MATERIAL FOR THE TASK >>
○ ○ ○ ○ ○

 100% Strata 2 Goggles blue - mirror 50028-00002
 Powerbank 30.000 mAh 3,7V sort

○ ○ ○ ○ ○

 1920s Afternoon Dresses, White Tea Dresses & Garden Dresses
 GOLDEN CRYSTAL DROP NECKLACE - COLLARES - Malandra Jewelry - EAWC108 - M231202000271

○ ○ ○ ○ ○

WHAT YOU ARE ASKED TO DO >> Please transcribe exactly the lines above from the line that has "100% Strata 2" up to and including the line that has "Powerbank 30.000 mAh 3,7V sort"; no other line belongs in the answer.

REPLY TO THE EXERCISE >>
 100% Strata 2 Goggles blue - mirror 50028-00002
 Powerbank 30.000 mAh 3,7V sort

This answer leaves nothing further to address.